This book, as previously established, does not seem like an edition belonging to those where “The historie of foure-footed beastes” and “The historie of serpents” were published jointly in 1658. In consulting archivist Malenda Triller, I learn that the most plausible way for two books published and printed a year apart to be included in the same codex is that a private individual had them bound into a single one. Reasons such as admiration for both works, the pragmatism of keeping two volumes in one place, faster consultation, or even the guarantee of equal preservation of the manuscripts might be considered, but the true motivations why this was done are unknown, as is the identity of the hypothetical individual who had Topsell’s two works bound together in the same volume. The inscription of a name –Jonathan Yates – and a date –1660– on the first page that we do preserve of the first book might be a piece of potential evidence that could give us more answers to the mistery of the individual who bound both books.
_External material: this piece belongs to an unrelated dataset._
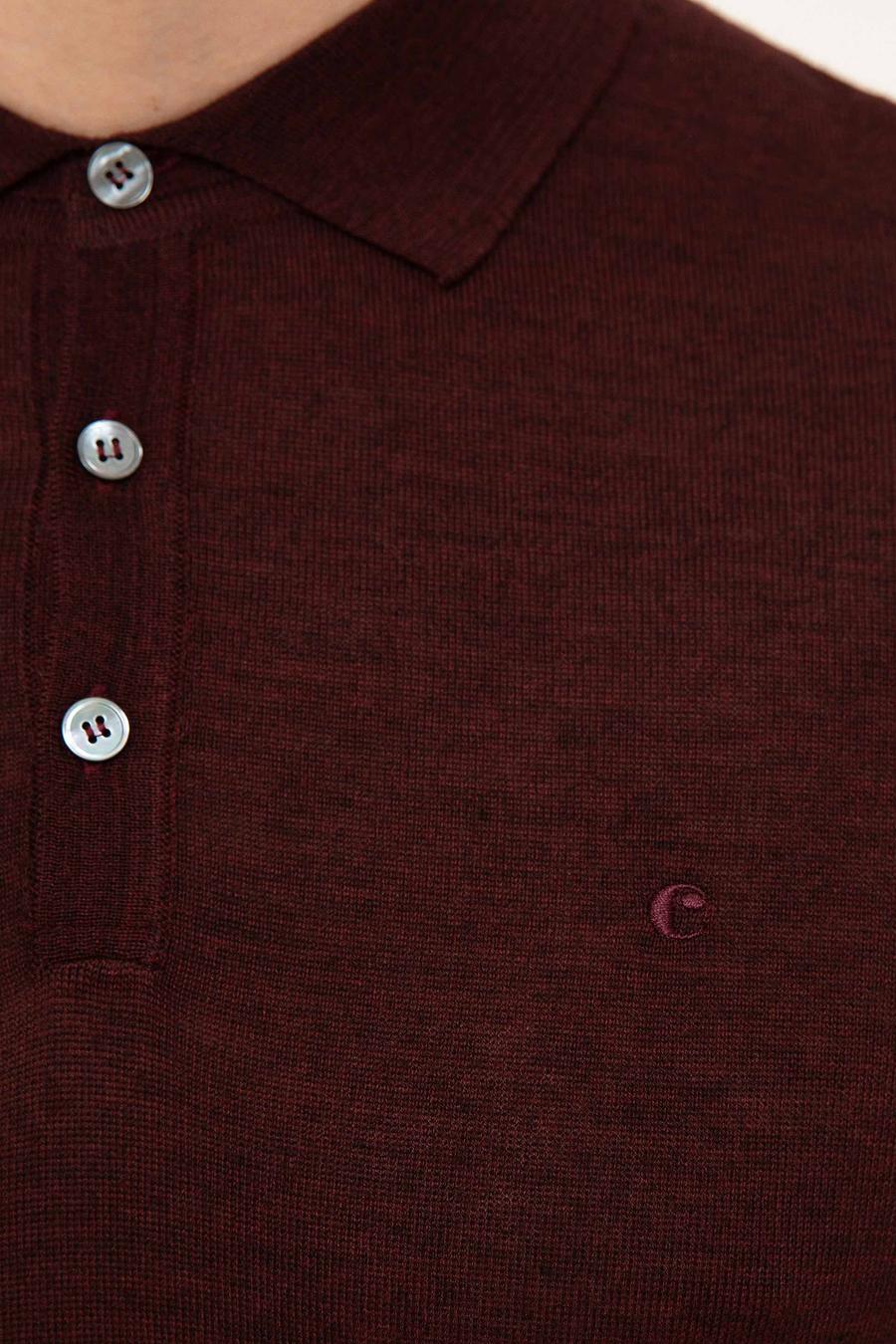 Bordo Slim Fit Polo Yaka Basic Triko Kazak - 50211330019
The mystery about the first owner who brought the two books together is not solved either by looking at information about the book’s most recent owner, before it came to the Dickinson College Special Collections Archive. And that is because, although the book arrived here as part of a donation from the Willoughby family, in which many other books from this former professor and scholar were offered to the college library for better preservation, after his passing, often, explained Malinda Triller, an ever-helpful librarian, donated books come with a record with information about their acquisition, their history, or some other piece of information such as the price for which they were purchased, but not in this case.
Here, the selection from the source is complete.